NSFW. My partner expressed a desire and I would like to accommodate.
March 14, 2014 7:28 AM   Subscribe

How do you arrange a threesome?

I'm a hetero female partnered happily, exclusively, and lovingly with a hetero male for one year. We are around 40 years old and divorced survivors of cheating spouses. We feel we have found our soulmates in each other. I do not doubt my partner in any way.

We have a robust, if vanilla, sex life. During recent sex play, I asked my partner to describe a fantasy and he wants a threesome with another female, specifically one who wants to engage in play with me (and then, him).

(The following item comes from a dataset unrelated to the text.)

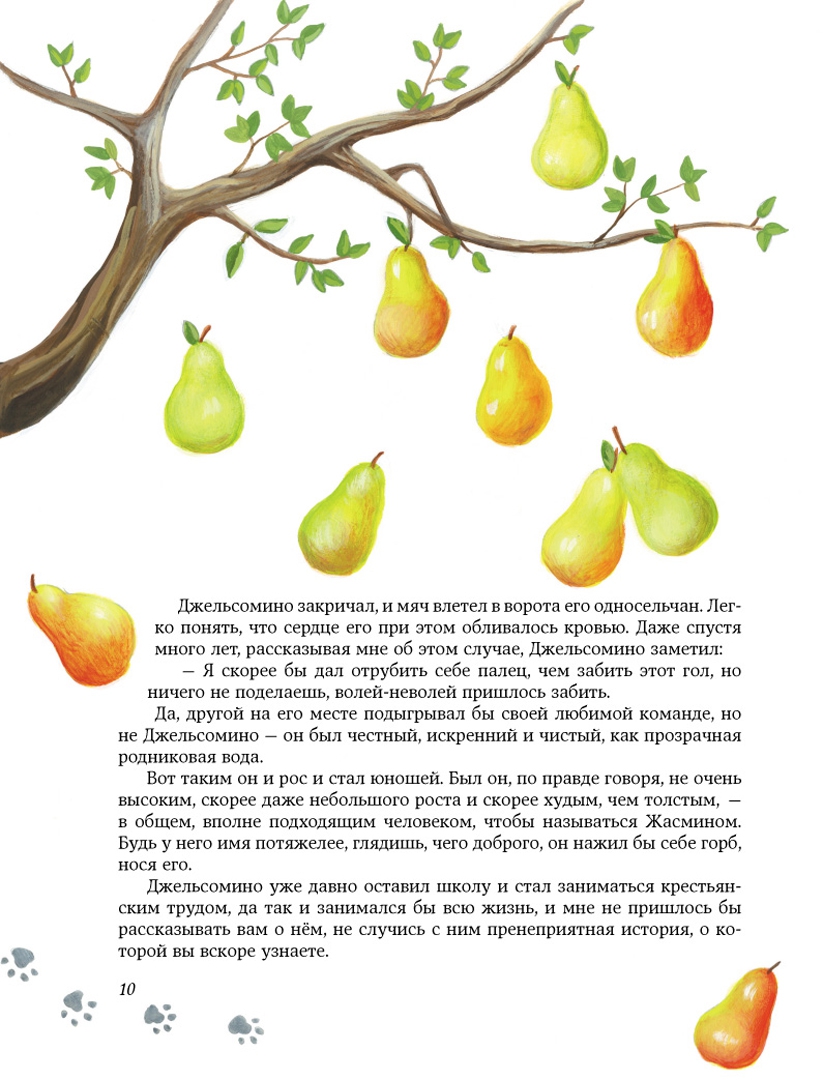 Иллюстрация 9 из 50 для Джельсомино в Стране лжецов - Джанни Родари | Лабиринт - книги. Источник: Лабиринт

I'm theoretically fine with this and would LOVE to fulfill his fantasy, and it makes me a bit hot! But I have some questions.

1) I've had only one, tequila-fueled same-sex encounter and really, that doesn't do it for me. I'm not attracted to women. I suspect seeing my man get turned on by it will be different. Any advice or anecdotes?

2) I don't know how to find the third for the threesome. Neither of us want a friend or acquaintance in this role.

I have honestly never done anything crazier than reverse cowgirl, so I am not in the know. I know people do this, but I'm not sure how they do it.

Also, it really turns me on to THINK about doing this, but will I regret it? I adore him and neither of us are cheating types. I'm not jealous, but will it make me jealous? I get turned on thinking of him being turned on, but that's hypothetical.

Thank you for any input.
posted by anonymous to Human Relations (22 answers total) 3 users marked this as a favorite

 
I'm not attracted to women

If I were you, this would be the answer I'd tell myself and my partner. And it would be OK.
posted by French Fry at 7:35 AM on March 14, 2014 [13 favorites]


1) It is surprising what you can get into when you're seeing your partner get turned on. I don't want to go into gory detail, but trust me, seeing the person you love have a good time goes a long way to making sure you have one.

2) Craigslist or OkCupid would be good places to look. Swingers' clubs are popping up everywhere these days it seems, might be a good place to get your feet wet without necessarily having to jump in the water. I'd also suggest meeting up for coffee or a drink--a date, almost, really--before you get down to business. Making sure all three of you are comfortable with each other will help make sure you have a great time together.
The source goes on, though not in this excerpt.